ИСТОРИЧЕСКИЕ ИНУК И
КУЛЬТУРНОЕ ВЗАИМОДЕЙСТВИЕ КОЧЕВЫХ И ЗЕМЛЕДЕЛЬЧЕСКИХ ЭТНОСОВ СТЕПНОГО ПРЕДКАВКАЗЬЯ В XIX - НАЧАЛЕ XX ВВ.
Е.В. Шумакова
THE CULTURAL INTERACTION OF NOMADIC AND AGRICULTURAL NATIONS OF THE STEPPE PRE-CAUCASUS IN THE 19-TH - THE BEGINNING OF 20-TH CENTURIES
Shumakova E.V.
The paper views the History of cultural exchange zones and contacts between the nomadic peoples of the steppe Ciscaucasia, migrated East - Slavs and representatives of ethnic groups. Change of economic and cultural forms of a life of steppe peoples, transformation of spatial images in culture of East European immigrants have not led to unification of cultures.

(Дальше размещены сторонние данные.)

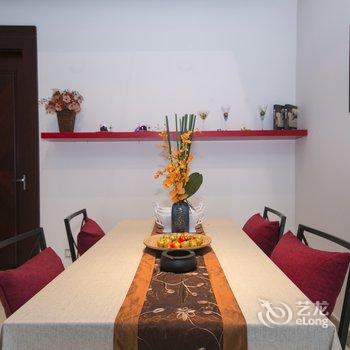 广州广交会阳光三居公寓酒店提供图片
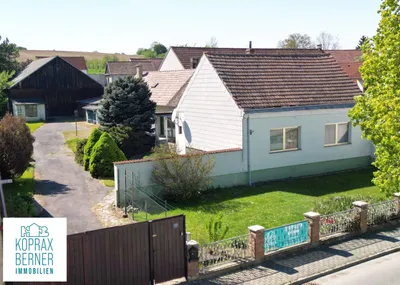 4-Zimmer-Haus kaufen in Mistelbach – 125 m², € 359.000 – Bild 2 von 26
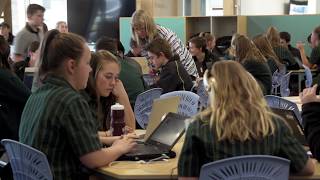 A collaborative approach to teaching and learning in Rakahuri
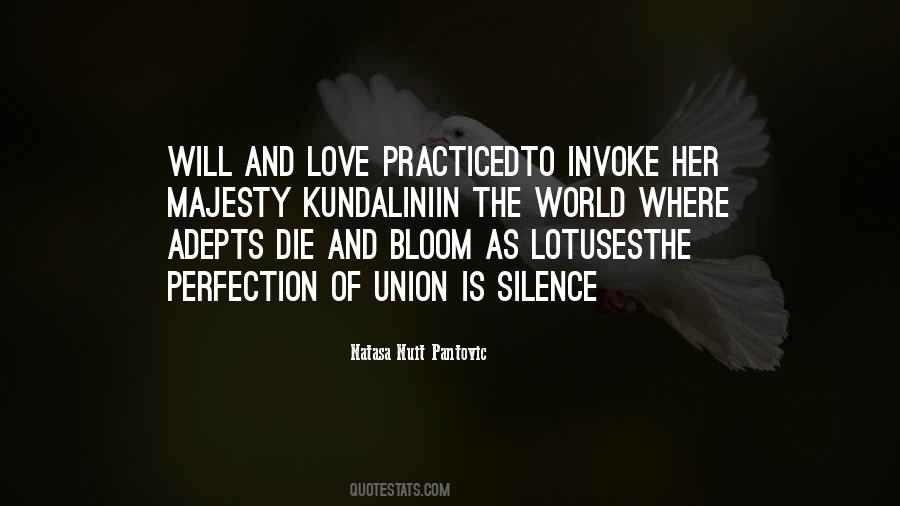 4 Love Quotes #1050954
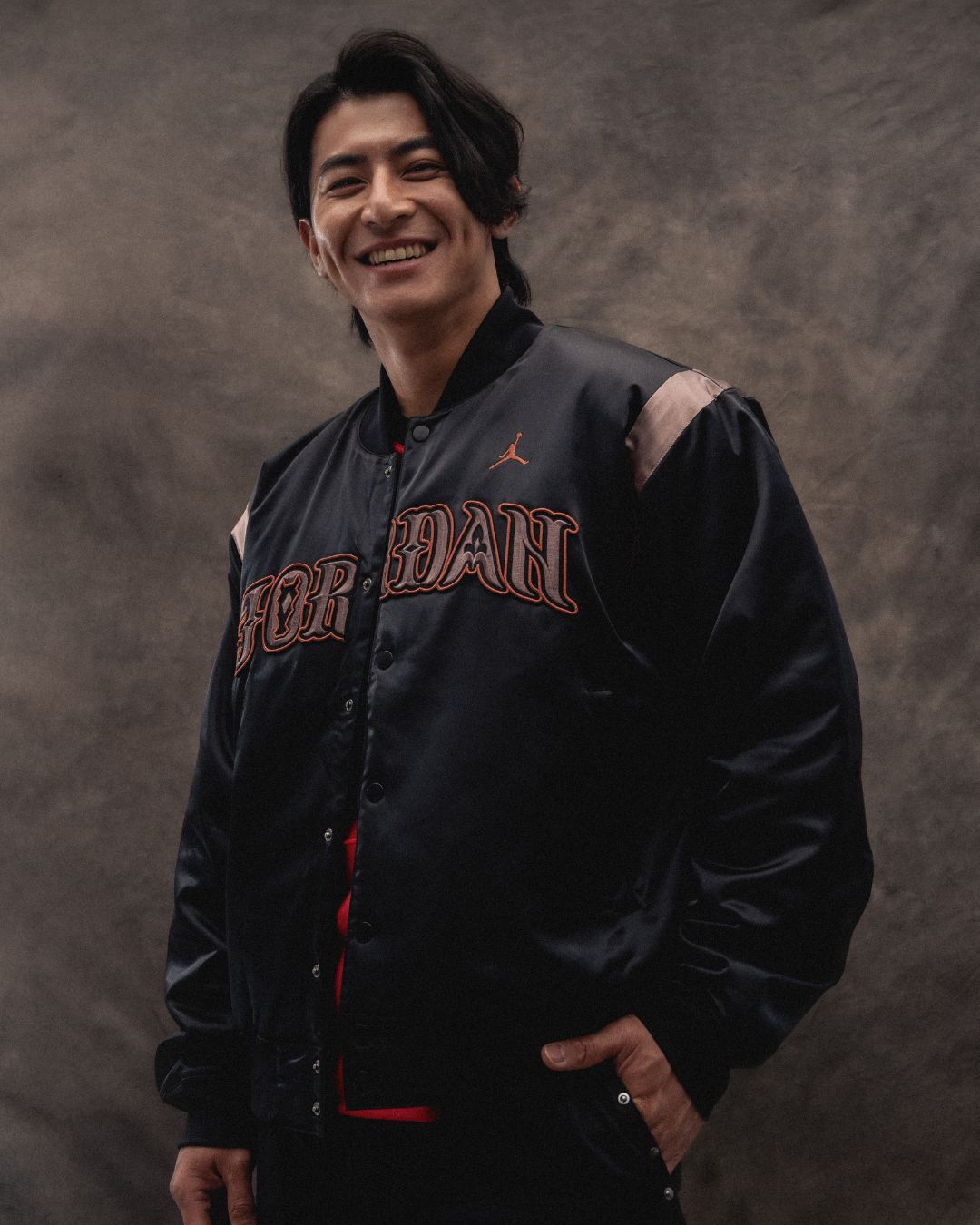 陳傑憲加盟Jordan Brand開啟亞洲棒球新頁1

В статье рассматривается история зон культурного обмена и контактов между кочевыми народами степного Предкавказья и мигрировавшими представителями восточнославянских этносов в XIX - начале XX вв. Изменение хозяйственных и культурных форм быта степных народов, трансформация пространственных образов в культуре восточноевропейских переселенцев не привели к унификации культур.
УДК 63.3.(235.7)5
Современная гуманитаристика обращает все большее внимание на феномен «культуры многообразия». Сегодня историография действительно стремится представить истории больших и малых регионов мира как истории «многоликие», истории мультикультурные. Проводимая в этом направлении работа научно-образовательного центра «Новая локальная история» Ставропольского государственного университета и Российского государственного аграрного университета - Московской сельскохозяйственной академии имени К.А. Тимирязева позволяет исследователям концентрировать внимание на культурной множественности объектов локальной истории.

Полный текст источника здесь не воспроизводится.